Sofia City's Air Pollution Problem Analysis
Viz & Insights
Spatio-temporal Analysis of Official Air Quality [Task 1]
The Daily / Hourly Trends. View the interactive Tableau design here: [1]
Patterns |
Visualization |
1. Setting the scene – General Overview of the data readings
The pollution recordings were broken down into monthly series and it was observed that the data between Feb 17 to Oct 17 is missing. To prevent the missing data from skewing the rest of the analysis, we exclude all readings taken in 2017.
It is also essential to note that the data has been transformed into two data sets based on time frame, namely daily and hourly.
The hourly data has been recomputed into daily, by averaging out the hourly readings, and added to the daily data set. This allows for clearer investigation by first looking at the daily observations, before delving and zooming into the hourly data set.
.
|
|
2.Seasonality
When aggregating the average data taken across the official stations, it is clear that the average readings for months in Dec and January are above the stipulated safety level by EFA for PM10. As this is an overall outlook, we look zoom into respective years across the respective stations to see if there are any interesting pointers worth investigating.
The trend appears to be relatively consistent across the years. Thus when looking at the meteorological parameters we will see if there are similar patterns, proportionally or inversely proportionally, that may explain then pollution trend.
|
|
3. In-depth Analysis (Daily Reading)
Station - BG0040A: PM10 readings start to pike in Nov and drop in Jan. Minimal breach of safely level between Feb to Oct. This trend is consistent across the years.
Station - BG0050A: PM10 readings start to pike in Nov and drop in Jan. Minimal breach of safely level between Feb to Oct. This trend is consistent across the years.
Station - BG0052A: PM10 readings start to pike in Nov and drop in Jan. But readings Dec and Jan are exceptionally high. in Minimal breach of safely level between Feb to Oct.
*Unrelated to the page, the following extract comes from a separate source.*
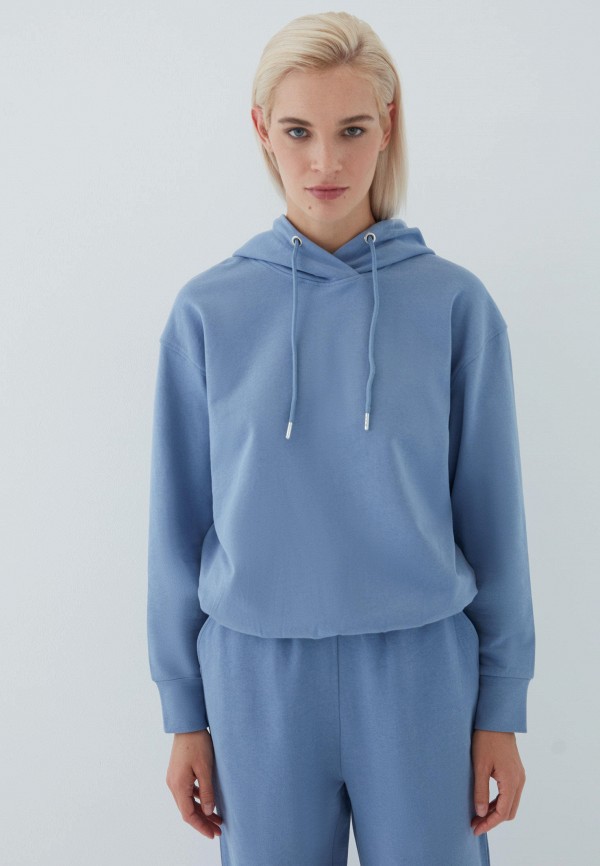 

Худи Zarina, Синий, Exclusive online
This trend is consistent across the years.
Station - BG0054A: The station has ceased to take pollution readings since Oct 2015. Station has not been taking records for the past 3 years.
Station - BG0073A: PM10 readings start to pike in Oct and drop in Feb. While the severity of pollution seems to dip since 2016, the pollution in the months of Dec and Jan remains dreadful.
Station - BG0079A: Station began its operations in 2018.
|
|
4. In-depth Analysis (Hourly Readings)
The Hourly Readings were taken from 2016. However the not all the readings were taken consistently across the stations. As we have also excluded data set from 2017 due ti missing readings, we will be investigating on the hourly readings across stations from the Jan 2018 onwards.
Jan Readings was high as expected.
Anamoly Servere pollution readings observed on :
1) wee hours of 17 & 18 Feb (stations BG0050A, BG0073A, BG0079A)
2) wee hours of 18 Mar (stations BG0050A, BG0052A, BG0073A, BG0079A. Data Missing for BG0040A.)
3) morning for the month of Apr at station BG0040A.
4) no significant findings for the rest of 2018.
|
|
5. Problems
The presence of these pockets of missing data in both daily and hourly readings, as well as absence of 9 months worth readings in 2017 prohibits the thorough analysis of the pollution situation at Sofia City. The absence of a comprehensive data will diminish the effectiveness of environmentalists and authorities from crafting effective policies to tackle the problem as they may not be able to sieve out the root cause. Moreover, the data that was available was only on PM10 and there were no data made available on PM2.5. It is important to analyse the presence of PM2.5 as it brings about worsen and detrimental situation to the people of Sofia City.
Though the station types are differentiated between background and traffic, there are no visible differences when analysing between these two types of stations. For traffic data, there are no higher readings recorded during the usual working peak hours nor weekdays versus weekends.
However in the case of Sofia, the emergence of AirBG, a citizens' initiative to address the awful air pollution, has vastly boosted efforts to garner air pollution readings as well as meteorological data. We will now investigate the Citizen's reading on the next part. |
Spatio-temporal Analysis of Citizen Science Air Quality Measurements [Task 2]
The Hourly Trends (2017) View the interactive Tableau design here: [2]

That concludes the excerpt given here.